Homogeneity measures and iterative clustering approach for object detection in an image
- PhD Student:
- Arthur Marzinkowski
- Co-Advisors :
- Salem Benferhat
- Anastasia Paparrizou
- Co-Supervisor :
- Cédric Piette
- Funding : Artois
- PhD defended on :
- Nov 28, 2025
Automatic data processing of non-structured data, such as images, videos, maps, or texts, represents a major challenge in artificial intelligence. These data, even though they are becoming more and more available and rich in information, remain difficult to exploit directly. Contrary to structured data, which can be processed easily with statistical analysis or represented with graphs and databases, visual and textual data require additional intermediary processing steps before being exploitable. Geographic maps illustrate this difficulty particularly well: they are constituted of multiple graphic elements and textual elements, but they are not directly interpretable without some preprocessing to structure them.
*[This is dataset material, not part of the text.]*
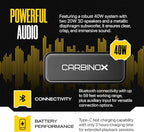 CARBINOX Portable Bluetooth Speaker with IPX7 Waterproof, Type-C Fast Charging, 3D Surround Sound, 18m Range, Black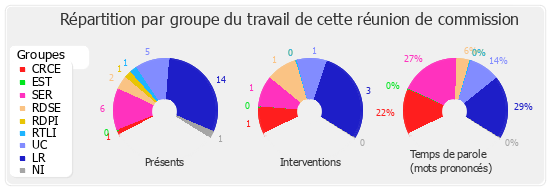 Répartition par groupe du travail de cette réunion de commission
The data we are working with in this thesis are images that represent numerical maps. In many application cases of image processing, such as text recognition or object detection, these systems produce bounding boxes. These boxes, often axis-aligned, frame objects of interest or some informative zones of the visual content.
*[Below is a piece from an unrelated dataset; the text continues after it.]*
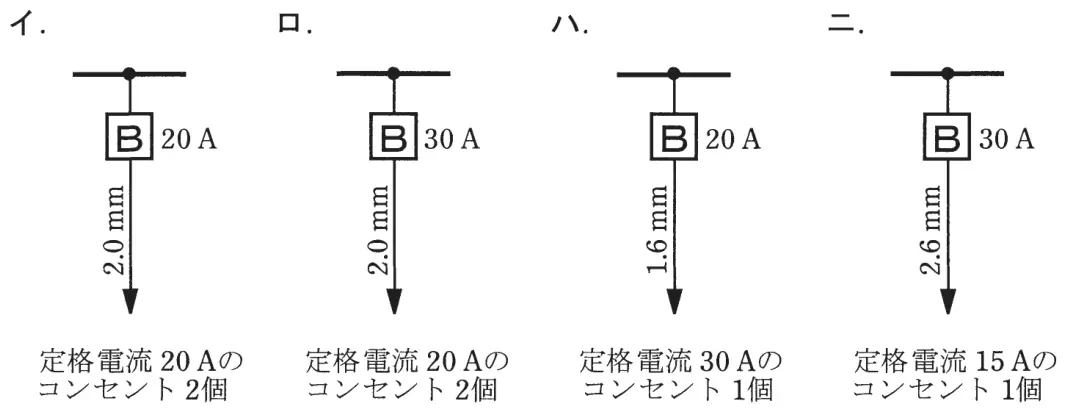 平成30年度下期 問10 選択肢の図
In the first part, we will focus on the automatic detection of aligned text boxes, in particular text that represents the legend region of the map. After we extract the text from the images with the help of OCR tools, we apply an iterative process of clustering on these bounding boxes. Five main criteria are used: text alignment, distance between the textual zones, background color, character color, and font size. For each of these criteria, we define similarity measures. We propose a method combining iteratively each cluster obtained from each criterion. The study reveals two essential results: first, using multiple criteria gives better results than those obtained with a simple distance (e.g., Euclidean) between text boxes; second, it confirms the efficiency of the priority we intuitively defined between each criterion for legend detection.
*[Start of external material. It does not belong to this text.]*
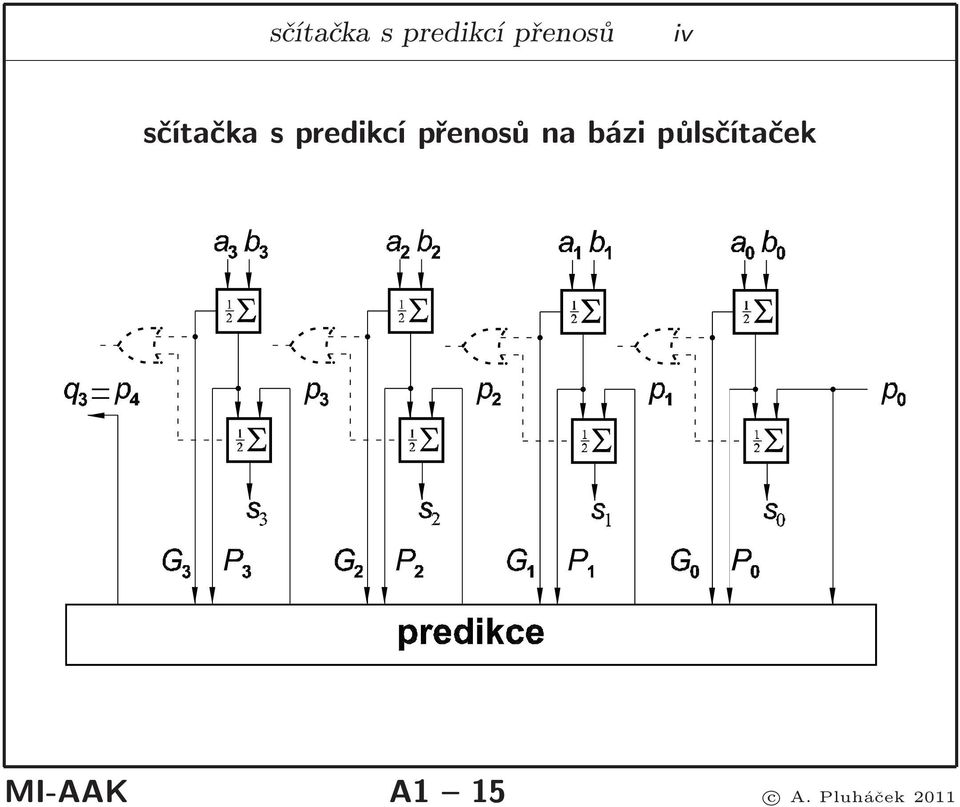 MI-AAK A1 15 c A.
In the second part, we widen our case study: instead of just comparing two bounding boxes, we now consider a set of boxes, which we will simply call “clusters.” Contrary to the simple case of a pair of boxes, the analysis of a whole cluster requires a global reasoning, which takes into account the collective organization of text boxes in the images. Some criteria can be extended easily to this situation, while others introduce new considerations necessary to evaluate more complex configurations.
In addition to this approach of clustering, we develop a pairing algorithm between different text boxes. This method associates, for example, graphic symbols present in the map with the texts that describe them.
The last part of this work address the detection of objects int numeric maps. We are interested specifically to object defined in the legend and we seek to identify them in the rest of the map. To do this, we exploit different similarity mesures allowing us to compare legend objects with those detected in the map. We will illustrate our method by detecting objects representing lifting stations and manholes in a wastewater network.